According to a recent study from the Ministry of Finance, inflation may reach 9% as a result of monetary expansion and a surge in international commodity prices, and the current account deficit may continue above $500 million in August.
The monthly economic outlook report for the month of August also anticipated about $5.5 billion in imports in August, which has been a significant factor for the current account deficit expanding once more.
According to a study issued by the finance ministry’s economic advisory branch, year-on-year inflation is anticipated to range between 7.6 percent and 9.2 percent in August.
It went on to say that Pakistan’s inflation rate is primarily influenced by current and previous fiscal and monetary policies, international commodity prices, the US dollar exchange rate, seasonal variables, and economic agents’ predictions about how these indicators would evolve in the future.
In July 2021, the rate of inflation was 8.4 percent.
One of the main difficulties identified in the recently released three-year economic growth strategy is a “acceptable level of inflation.”
According to Dr. Ashfaque Hasan Khan, former adviser Ministry of Finance, an inflation rate of approximately 7% is reasonable for a nation like Pakistan.
According to the finance ministry data, the money supply increased by Rs3.4 trillion during the previous fiscal year, representing a 16.2 percent increase over the previous year. It went on to say that a rise in international commodity prices can put pressure on both domestic inflation and the balance of payments.
According to the government, the trade imbalance in goods and services is anticipated to stabilise at around $3 billion in August.
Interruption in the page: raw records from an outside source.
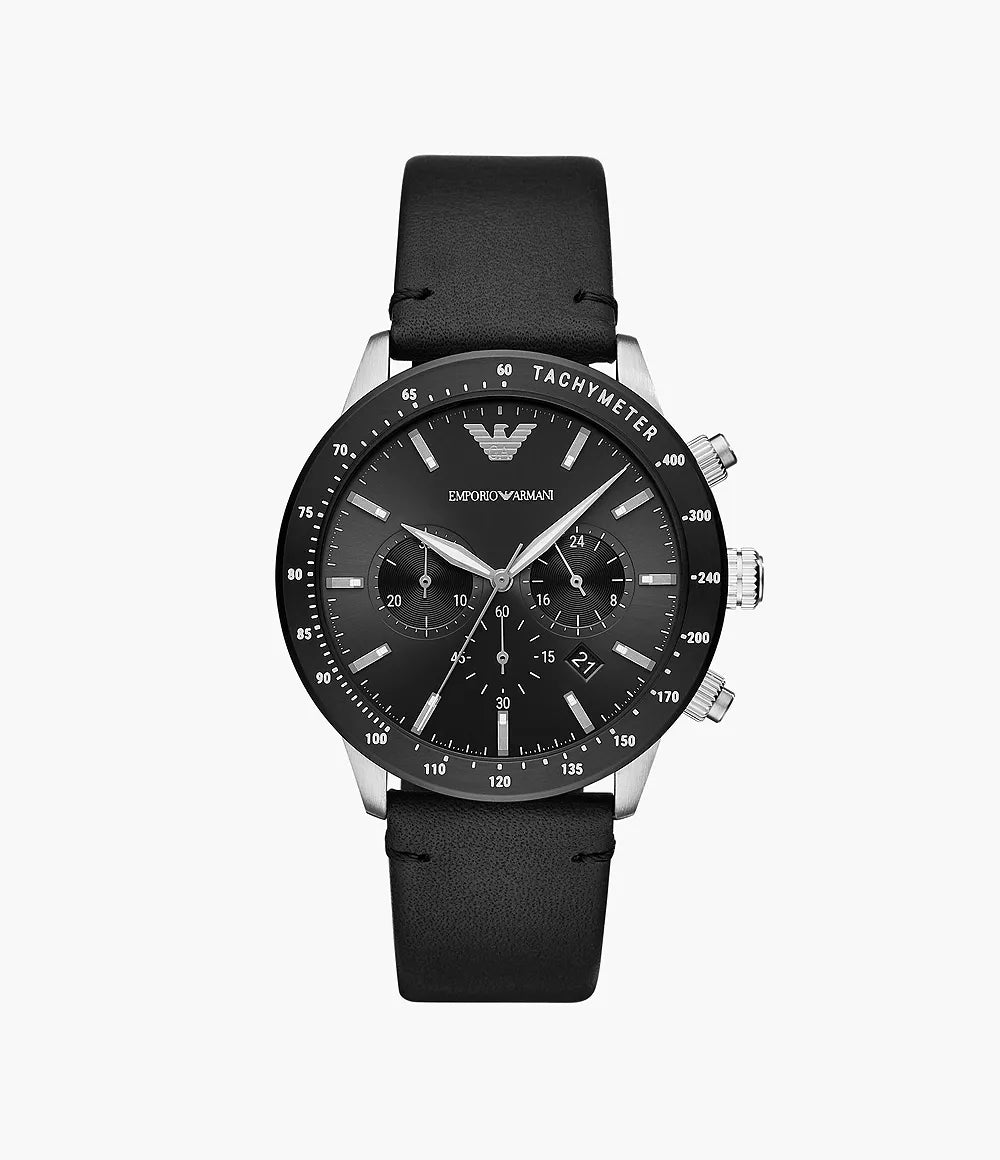 Emporio Armani Men's Chronograph Black Leather Watch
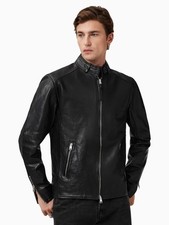 Genuine Leather Handmade Racer Jacket Men Black Slim Fit Band Collar Moto Coat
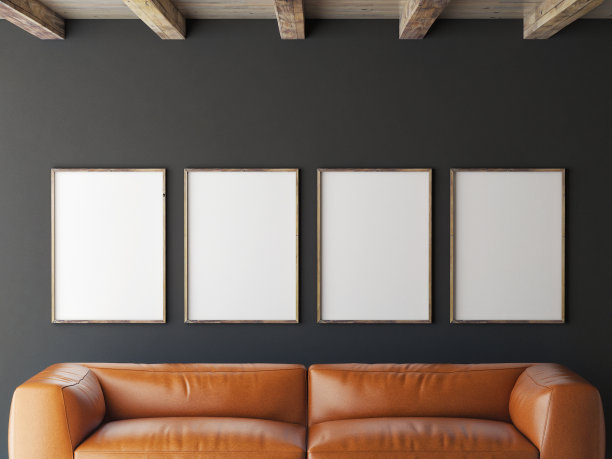 灰色墙壁上的模拟海报，3d插图图片下载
The current account deficit is projected to remain manageable, based on a monthly average of $2.5 billion in remittances and other secondary and primary revenue flows.
According to the Ministry of Finance, imports of goods and services would be around $6 billion this month, which suggests $5.5 billion in commodity imports. As a result, the current account deficit would stand at modest monthly levels of approximately $500 million this month, according to the ministry.
In July, the current account deficit was $773 million (or 2.8 percent of GDP), compared to a surplus of $583 million the previous year.
The central bank predicts a current account deficit of up to $9.5 billion in this fiscal year, compared to the Ministry of Finance’s forecast of $13 billion.
According to the finance ministry, the current account deficit worsened due to increased imports of energy and non-energy goods, as well as a rising trend in global prices for oil, Covid-19 vaccines, food, and metals.
On the one hand, global economic recovery, particularly in Pakistan’s key trade partners, is a positive indication for export growth and worker remittances. However, rising international commodity prices pose a negative risk in terms of high import values and increasing inflationary pressures in Pakistan, according to the report.